Washington's prosperous hotels, traditionally more successful than most in keeping their rooms full, are beginning an expansion boom that could cut their enviable occupancy rates and ultimately their profits.
At least 20 new hotels with upwards of 8,000 rooms are ready to open, under construction or on the drawing board in the District of Columbia, a census by The Washington Post shows.
If all of them are built, the number of hotel rooms in the District will jump almost 50 percent, from the present 16,532 to more than 24,000 in the next four years.
Some of those projects are little more than a gleam in a developer's eye, and may never be constructed.

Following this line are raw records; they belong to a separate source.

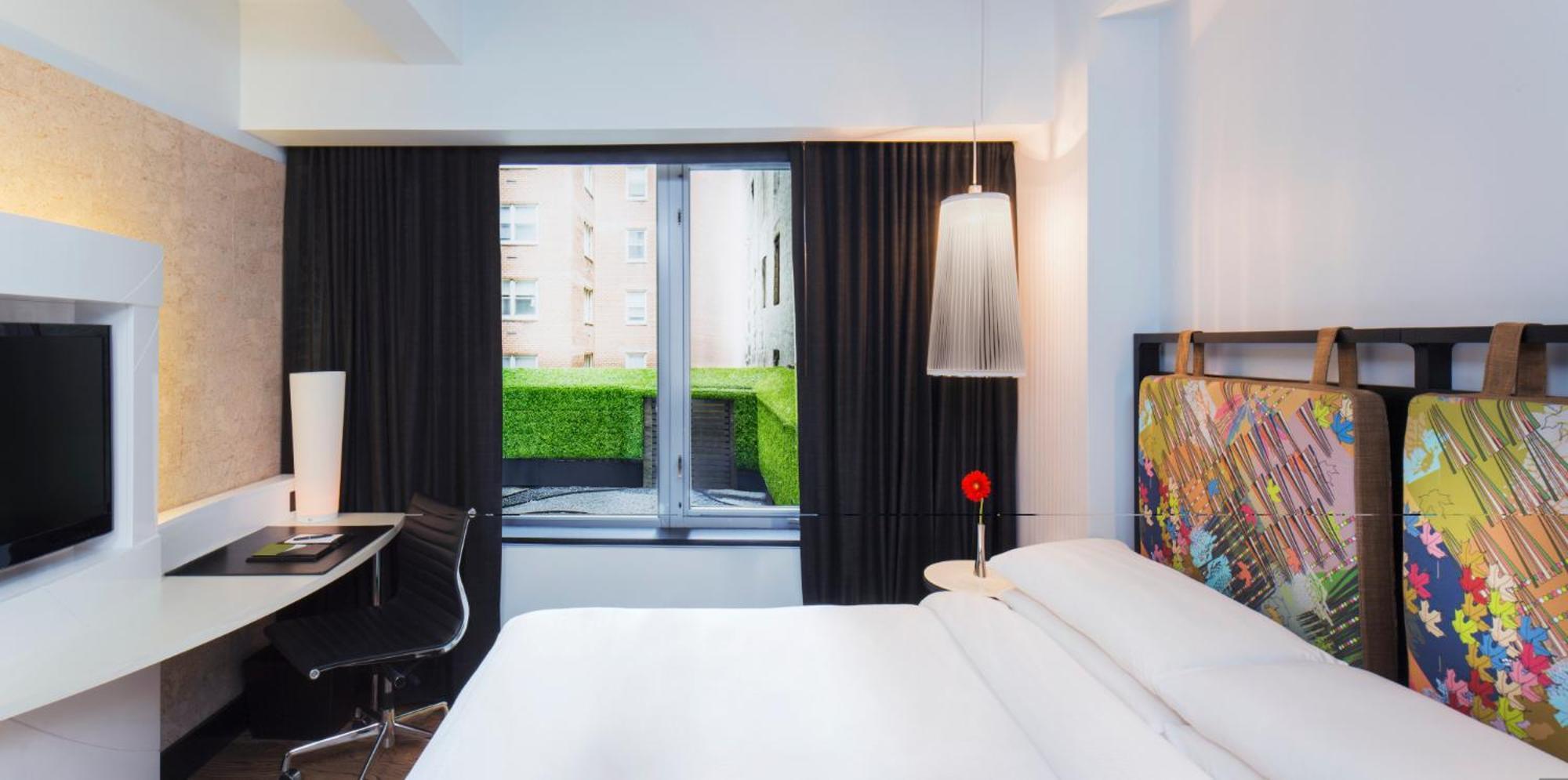 Hyatt Union Square New York Hotel Eksteriør billede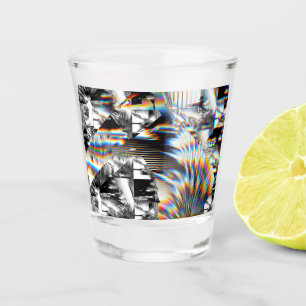 Rainbow Assault  Schnapsglas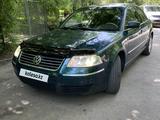 Volkswagen Passat 2003 годаүшін2 600 000 тг. в Алматы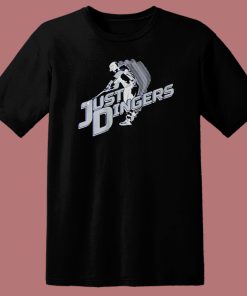 JD Martinez Just Dingers T Shirt Style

But even a more conservative count by the city planning department projects a 7,000 room leap -- 40 plus percent.
The hotel boom was triggered by the decision to build the D.C. Convention Center and fueled by District policies that encourage hotel construction, particularly in the convention center neighborhood.
But the convention center alone can provide no more than 40 percent of the guests needed for a downtown hotel to operate profitably, estimated Fred Mosser, a hotel specialist with the accounting firm of Laventhal & Horwath, a consultant on several of the new projects.

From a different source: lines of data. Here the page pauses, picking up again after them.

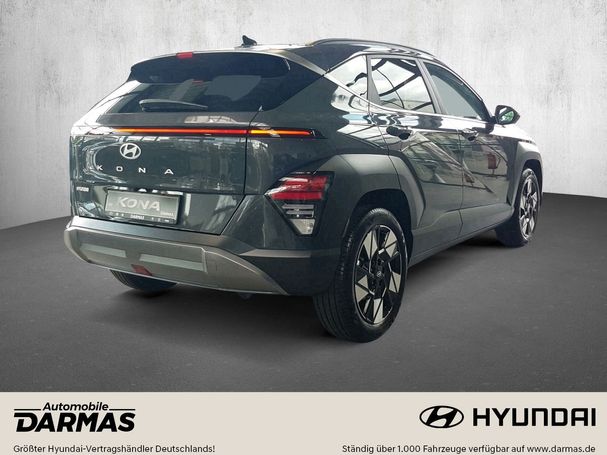 Hyundai Kona 1.6 DCT 146 kW image number 6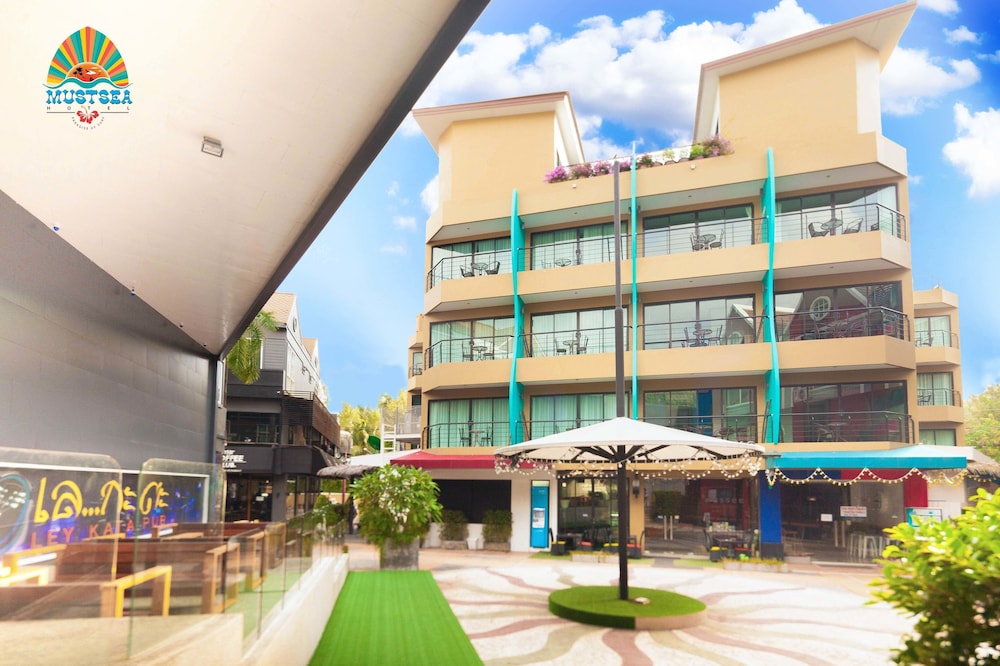 MUST SEA HOTEL(FORMERLY MUSSEE KATA BOUTIQUE) 4/70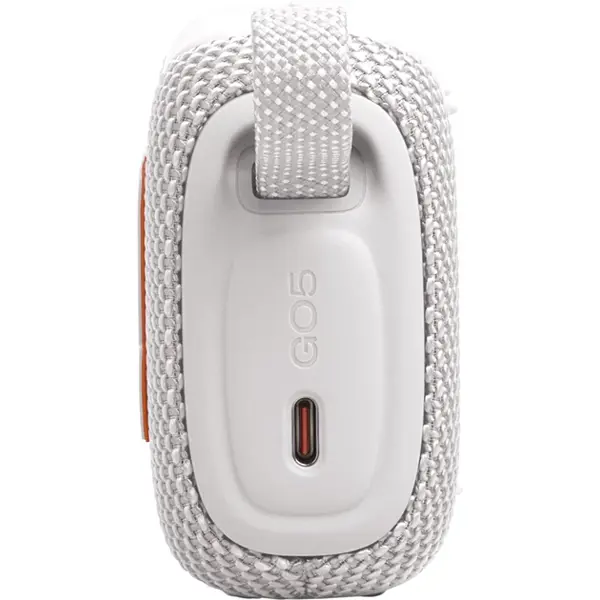 Speaker JBL JBLGO5WHT GO 5, 4.8W, Bluetooth, White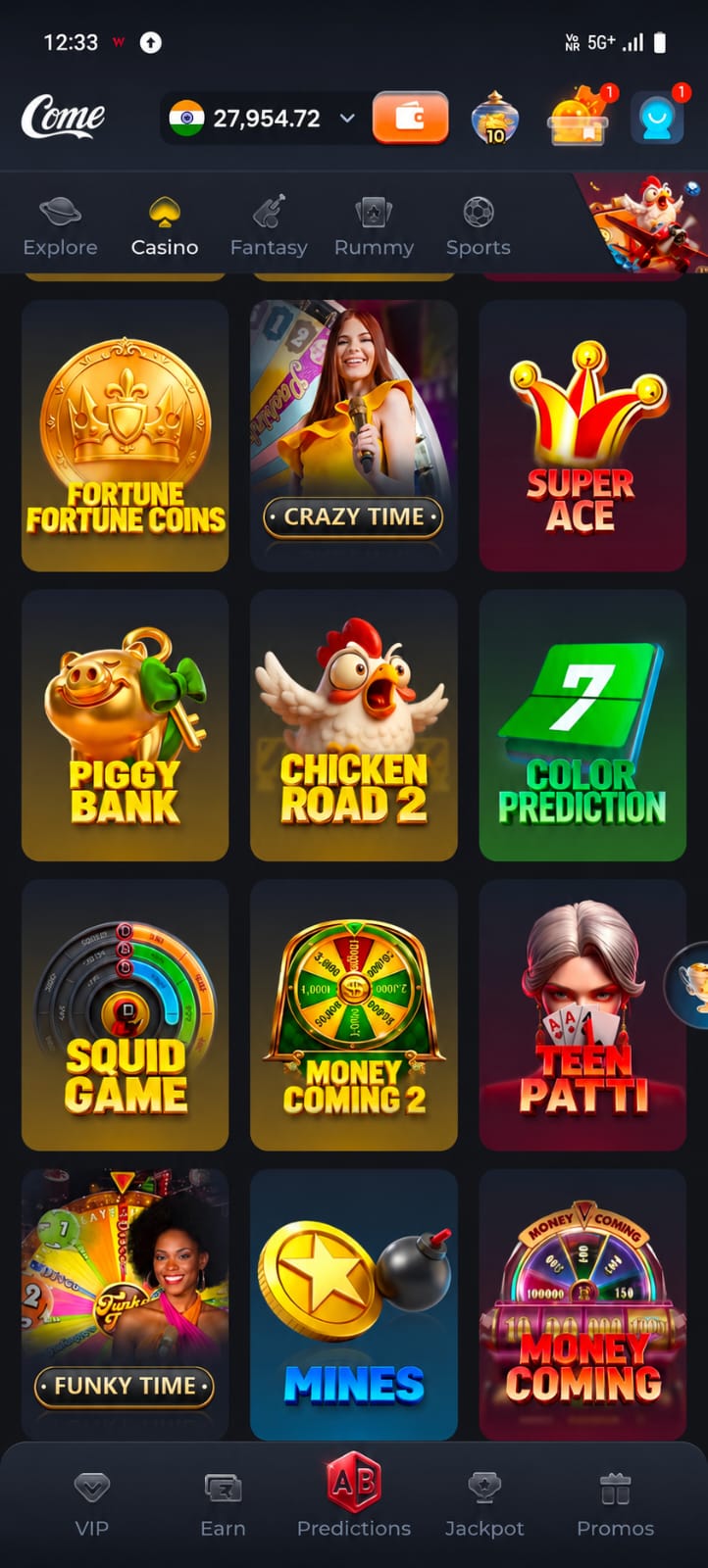 come game apk download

"They need to have an additional market to get the average annual occupancy to the point of making a profit," said Mosser, who figures a hotel must run better than 60 percent full to make money.
Mosser is not afraid of overbuilding. "The potential certainly exists, but I don't anticipate it happening," he added, admitting, "We see an awful lot of plans and proposals making the rounds."
But others with hotels in the works are anxious about saturation. "It scares me with all the hotels that are coming," said Payton Fletcher of Westminster Investing, a B.F. Saul subsidiary that's planning a hotel on Pennsylvania Avenue.
"I am concerned about it," agreed hotelier Al Wheeler, who is six weeks away from opening his new Georgetown Marbary House at 30th and M Streets NW, next door to the Georgetown Dutch Inn, which he also owns.
Like most of the new hotels planned, Georgetown Marbary House will offer luxury lodging, Wheeler said, "in the same class with the Four Seasons or the Georgetown Inn," from which some key employes have been lured.
Rooms will averge $90 a night at the 207-room Georgetown hotel, which has a high proportion of suites, including several two-level layouts with balcony bedrooms.
Wheeler's Dutch Inn opened in 1968 and thrived. "We've had occupancy rates in the 80s all the time and for five years were in the 90s," the owner said.
Such a full house is extraordinary even by the standards of Washington hotels, which industry sources say average about 72 percent occupancy, compared with a national average of about 68 percent.
Adding a couple of percentage points to occupancy rates can result in big profit increases for hotels, because once the cost of running the place is covered, each extra guest is gravy for the innkeeper.
Luxury hotels historically are more profitable than budget accommodations, Mosser said, and as a result the 20 new properties planned here are mostly geared to the carriage trade.
The high cost of real estate in the District also makes luxury hotels more attractive, said the hotel consultant, who figures it costs $80,000 to $120,000 a room to build a downtown hotel, counting land, construction and development expenses.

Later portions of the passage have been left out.